[Stored data]
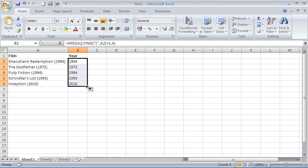Two text functions being used together, MID and FIND, to go into a text string and extract a certain number of characters, wherever they may be.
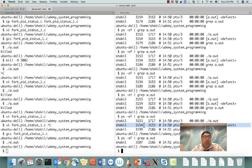If there are a lot of defunct processes it will waste resources. For example, if you are creating an nginx server with 500 forked processes and all the children get killed but remain as defunct processes, you may be wasting resources for the entire duration of the parent's run. We will need to handle this with waitpid. Thank you for watching this short video — I hope to see you in the next one. Have a nice day, bye!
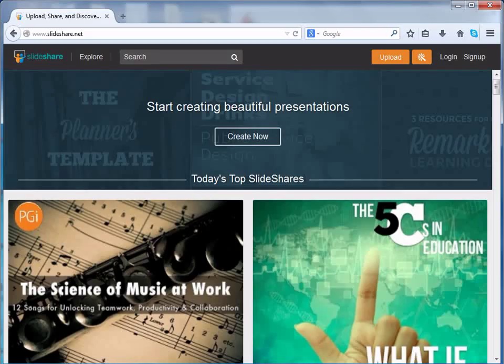Let's get started. We shall begin with signing up or creating a new account on Slideshare.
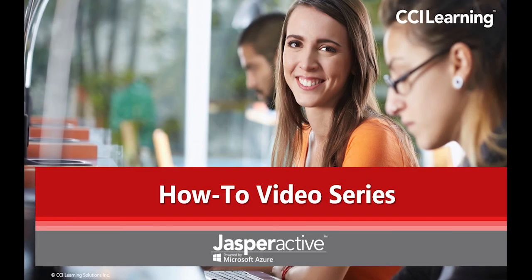This concludes this short how-to video. Thanks for watching and we will see you on the next one.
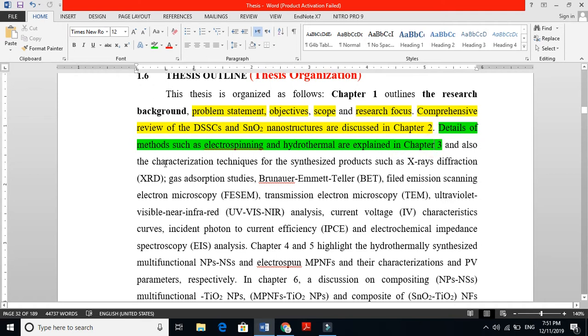I say Chapter 4 and Chapter 5 highlight the hydrothermal synthesized multifunctional nanoparticles, nanospheres, and electrospun nanofibers and their characterization and photovoltaic parameters respectively. I'm telling the readers that Chapter 4 and Chapter 5 highlight my results and discussions. Very simple: highlights hydrothermal synthesized multifunctional characterization and photovoltaic parameters.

■ **EXERCISE INSTRUCTIONS**
No pictures go in the copy. Retype exactly the lines from the one with "Let's get started." through the last line of the entries above, both included, and nothing more.

■ **REPLY**
Let's get started. We shall begin with signing up or creating a new account on Slideshare.
This concludes this short how-to video. Thanks for watching and we will see you on the next one.
I say Chapter 4 and Chapter 5 highlight the hydrothermal synthesized multifunctional nanoparticles, nanospheres, and electrospun nanofibers and their characterization and photovoltaic parameters respectively. I'm telling the readers that Chapter 4 and Chapter 5 highlight my results and discussions. Very simple: highlights hydrothermal synthesized multifunctional characterization and photovoltaic parameters.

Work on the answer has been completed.